*** Opening of Supplied entries ***
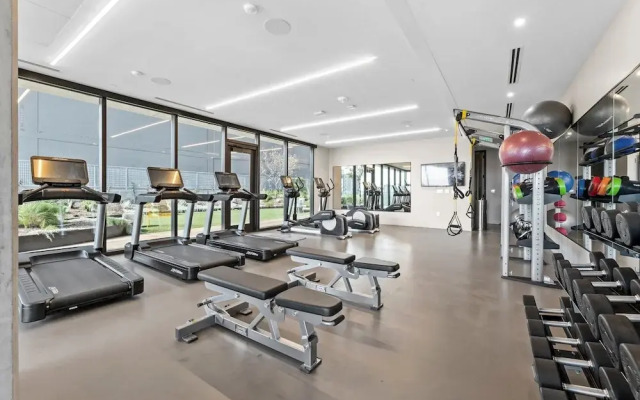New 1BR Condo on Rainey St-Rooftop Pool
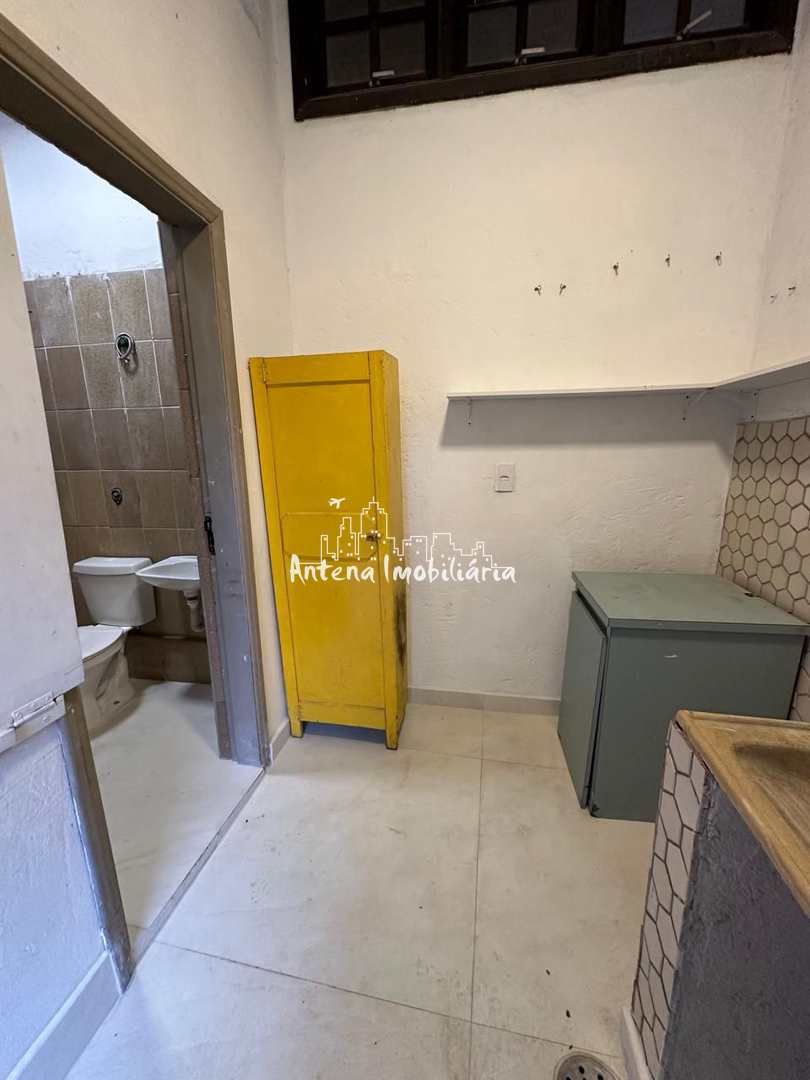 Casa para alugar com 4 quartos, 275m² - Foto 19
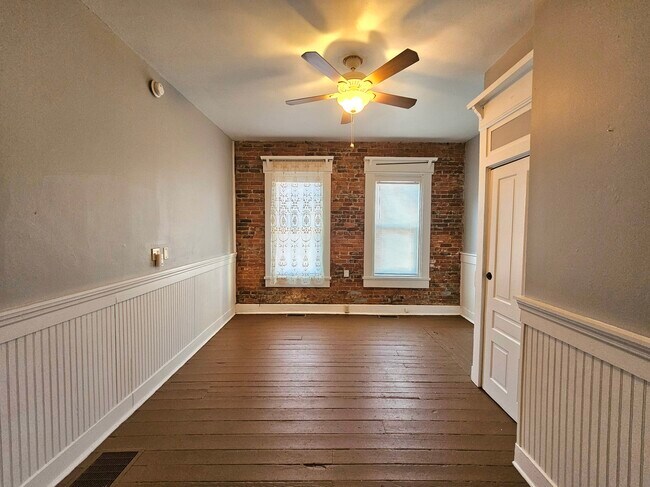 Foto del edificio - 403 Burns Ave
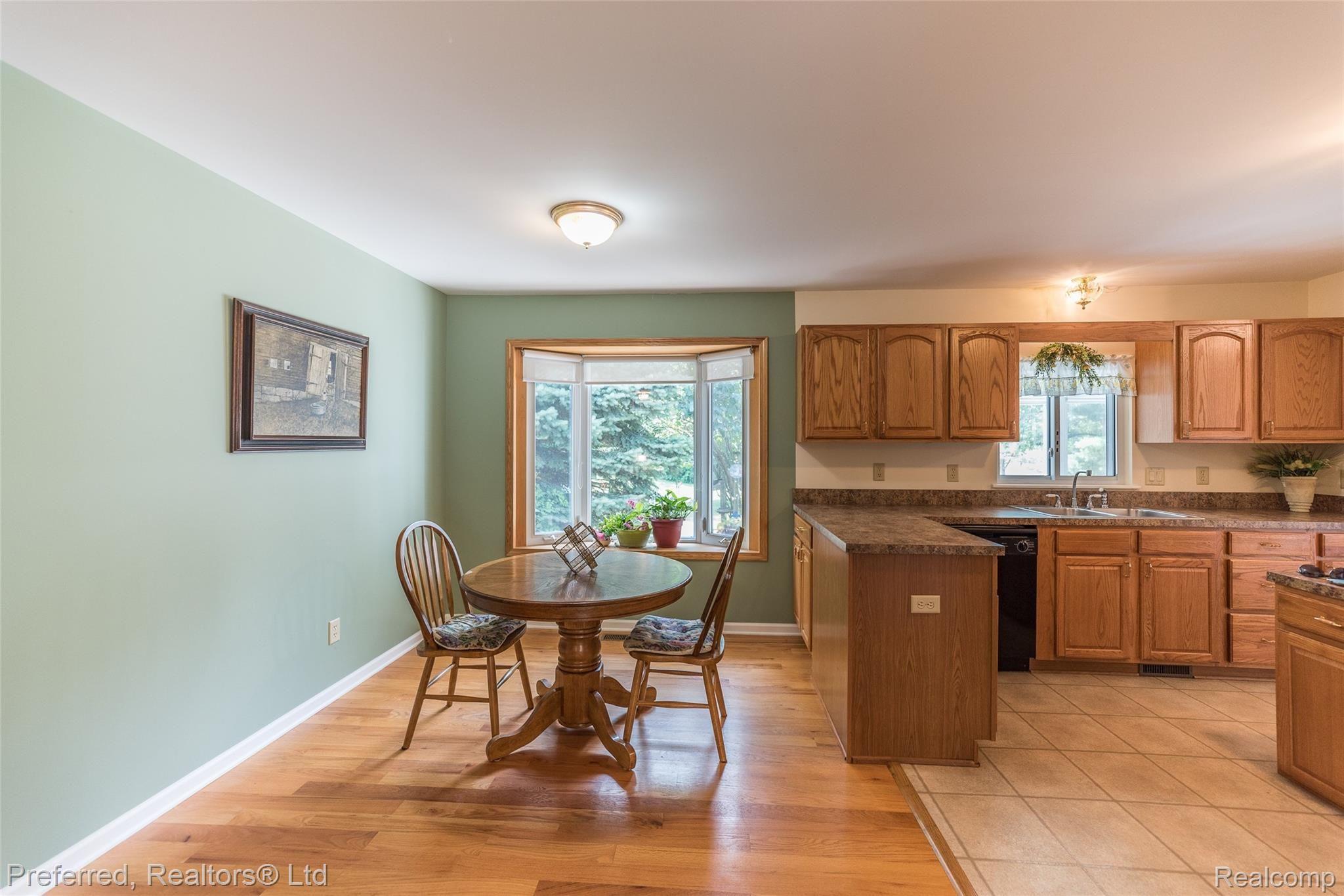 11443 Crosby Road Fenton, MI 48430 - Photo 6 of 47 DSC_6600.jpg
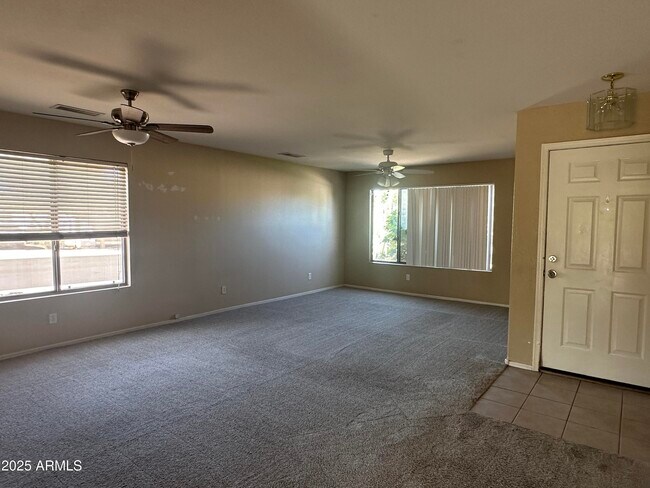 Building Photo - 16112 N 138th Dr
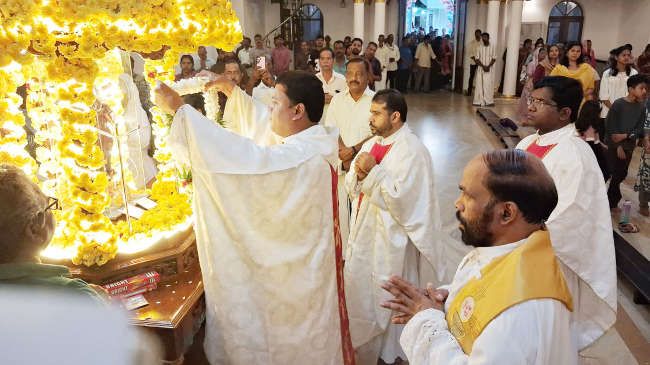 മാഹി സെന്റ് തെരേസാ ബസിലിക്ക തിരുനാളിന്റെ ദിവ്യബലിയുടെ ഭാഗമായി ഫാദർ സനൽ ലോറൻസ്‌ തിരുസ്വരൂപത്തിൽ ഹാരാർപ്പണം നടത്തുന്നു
*** Close of Supplied entries ***
*** Opening of Supplied entries ***
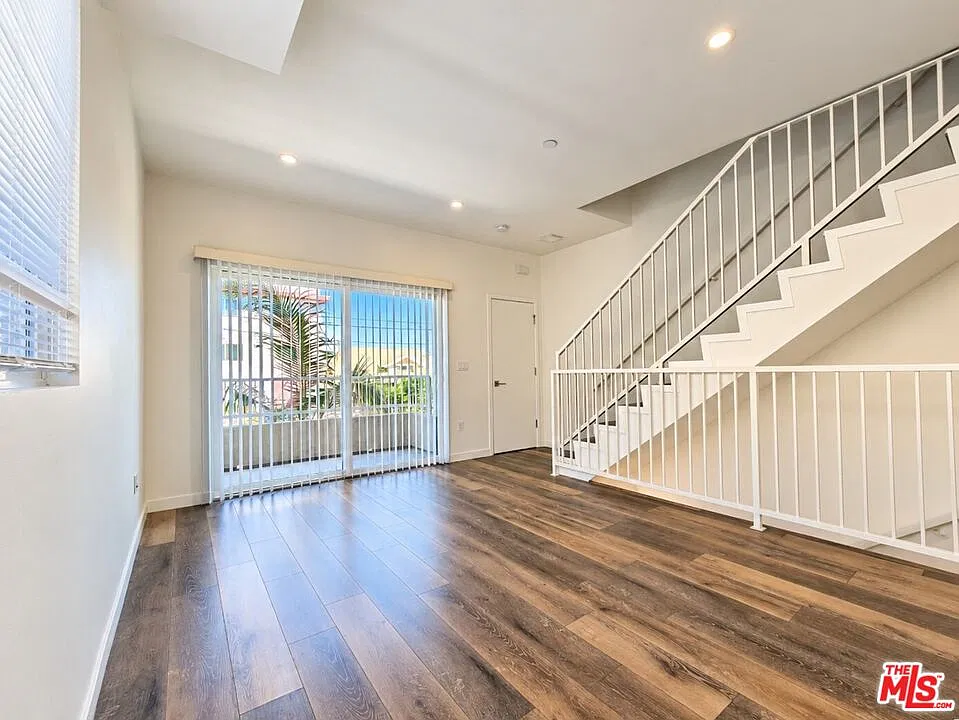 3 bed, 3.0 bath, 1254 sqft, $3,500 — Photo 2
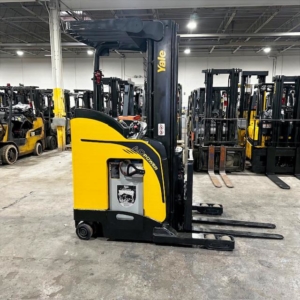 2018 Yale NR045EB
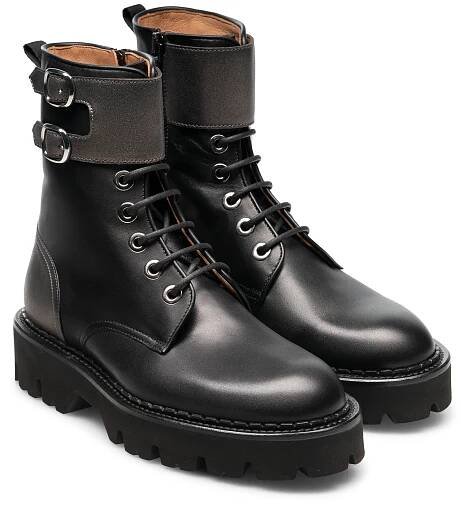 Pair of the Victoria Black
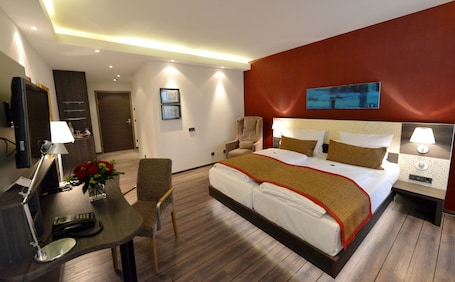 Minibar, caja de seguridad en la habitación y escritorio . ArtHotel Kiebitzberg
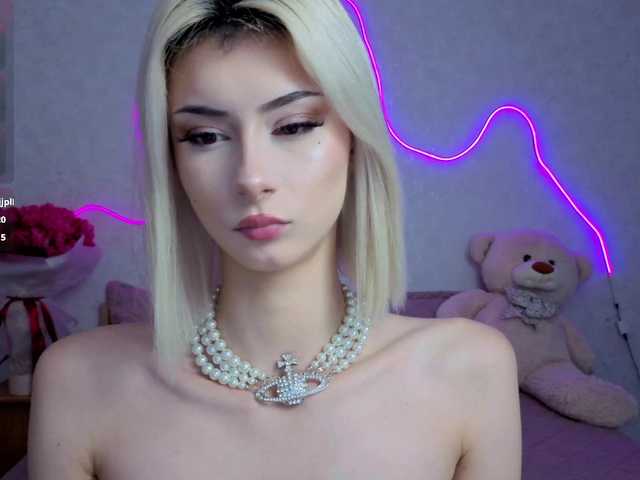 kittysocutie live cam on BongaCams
*** Close of Supplied entries ***
*** Opening of Supplied entries ***
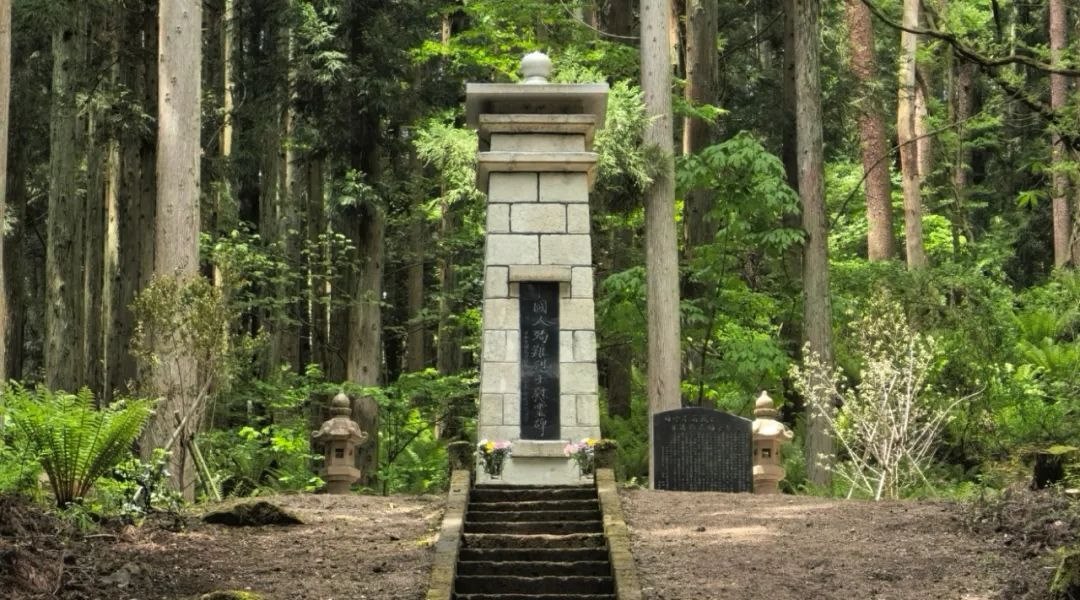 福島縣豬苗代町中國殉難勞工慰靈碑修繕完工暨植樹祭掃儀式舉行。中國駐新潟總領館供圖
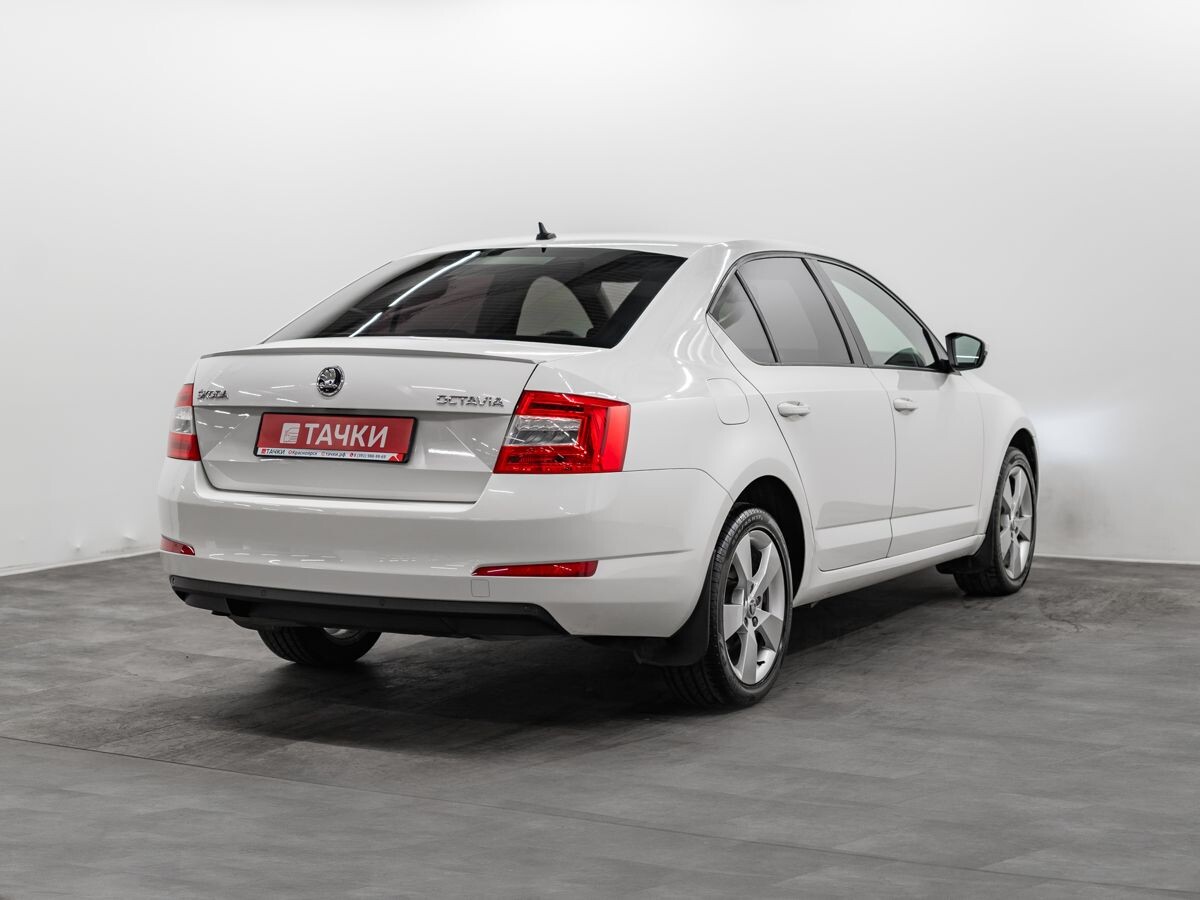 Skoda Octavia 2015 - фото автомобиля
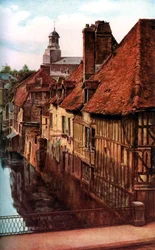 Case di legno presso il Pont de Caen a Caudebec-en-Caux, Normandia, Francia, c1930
*** Close of Supplied entries ***
All that should be printed is the run of lines above from the one with "2018 Yale NR045EB" through the one with "kittysocutie live cam on BongaCams", both included, exactly as given, with pictures left out.

- Answer to the problem:
 2018 Yale NR045EB
 Pair of the Victoria Black
 Minibar, caja de seguridad en la habitación y escritorio . ArtHotel Kiebitzberg
 kittysocutie live cam on BongaCams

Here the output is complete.